Question

Just a quick question about browser's autofill functions. I'm often bothered by the websites I build , that the browsers are trying to autofill the same credentials on the front-end as the back-end (/admin/).

I'm curious if someone has experience with this and if it can be done plainly with HTML (5/Meta?).

I wonder if I can tell the browser to register a subpath (http://www.domain.com/admin) separately in their local autofill list.

Was it helpful?

Solution

There is no standardized way to tell the browser "consider this being is a different site", apart from actually making it a different site (e.g. placing admin UI under subdomain - admin.domain.com).

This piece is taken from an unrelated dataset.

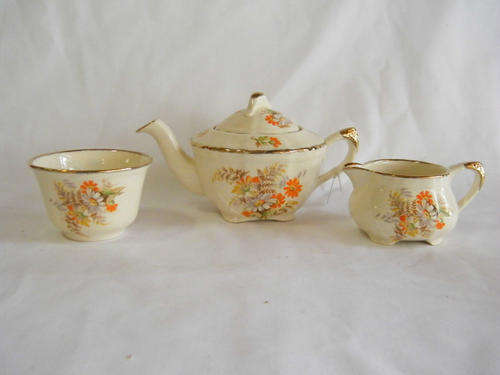 Vintage Alfred Meakin tea pot, sugar bowl and milk jug - as per photo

The only way for you is to disable the default browser autocompletion by using autocomplete="off" HTML attribute for <input> markup (you can disable it only in the admin subdirectory):

<input type="text" name="field" autocomplete="off" />

Acceptable solution is to use some type of javascript autocompleter. You can then store the history locally in the client using cookies. Using e.g. jquery autocompleter with local storage is very simple - look here:

Autocomplete (jQuery UI) and localstorage

Then you of course have full control on how the storage is done.

Note on security

If you really don't want users to autofill forms, you should know that while mostly the browser will respect autocomplete=off, users fight against it for several reasons; they use plugins that will still autocomplete in this situation (e.g. autocomplete on for FF or Chrome). User always wins in this case, the client may modify the HTML as he want. There are security risks involved in reckless autocompletion, so you can try to persuade users that it's not good for them.

You can also find some useful comments here: How do you disable browser Autocomplete on web form field / input tag?